Data shown.

◇ ◇ ◇ ◇

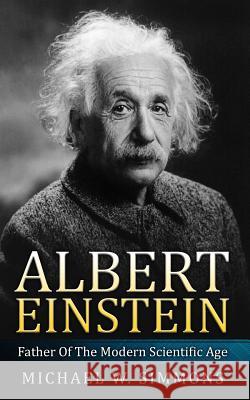 Albert Einstein: Father Of The Modern Scientific Age Simmons, Michael W. 9781533475770 Createspace Independent Publishing Platform - książka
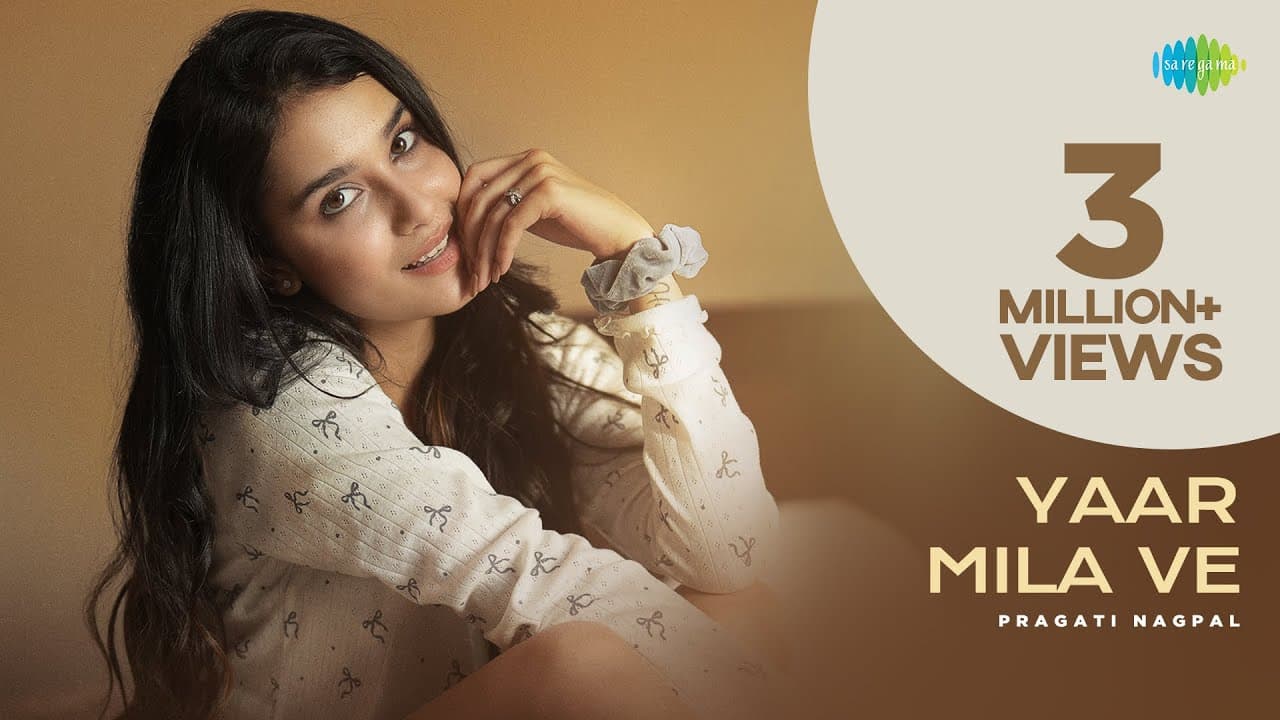 यार मिला वे Yaar Mila Ve Lyrics - Pragati Nagpal by Saregama Music
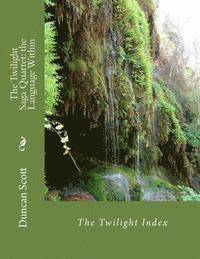 bokomslag The Twilight Saga Quartet: the Language Within: The Twilight Index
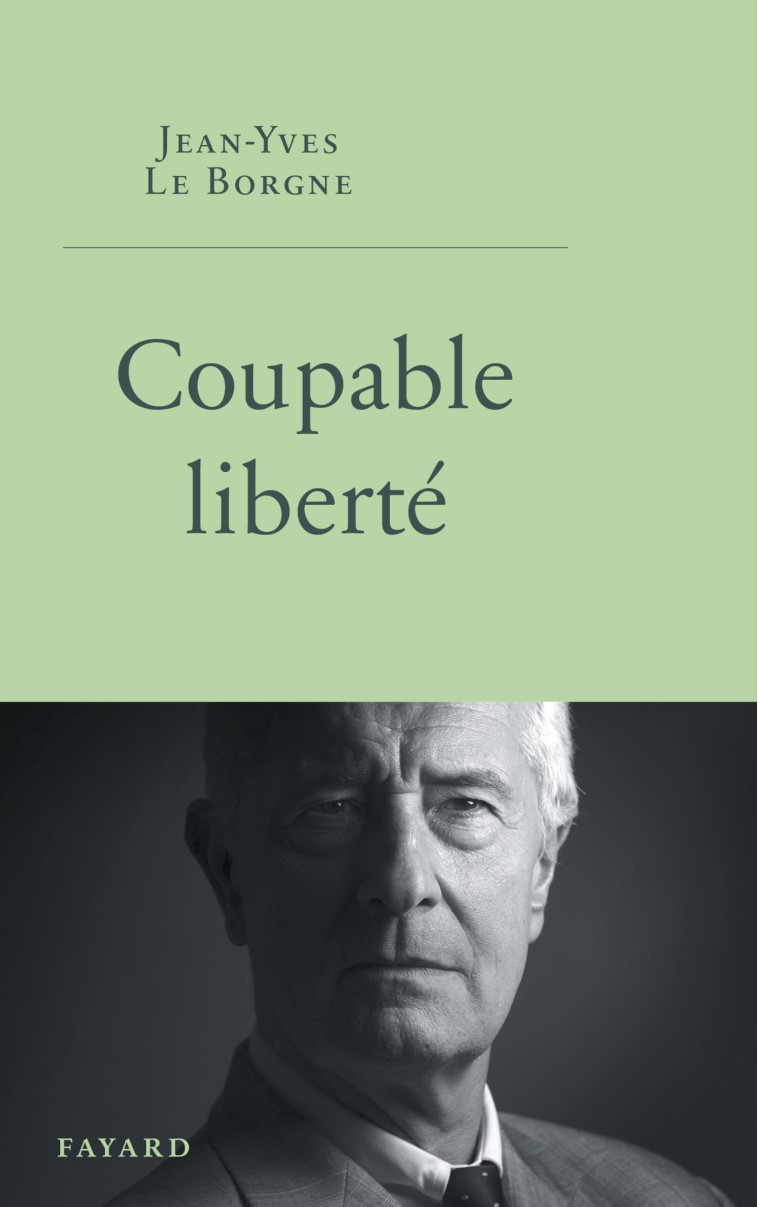 Coupable liberté - Jean-Yves Le Borgne - FAYARD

◇ ◇ ◇ ◇

Required action. With pictures left out, extract the lines from the one containing "bokomslag The Twilight" to the end of the material above, both included, exactly as written.

Output of the task.
 bokomslag The Twilight Saga Quartet: the Language Within: The Twilight Index
 Coupable liberté - Jean-Yves Le Borgne - FAYARD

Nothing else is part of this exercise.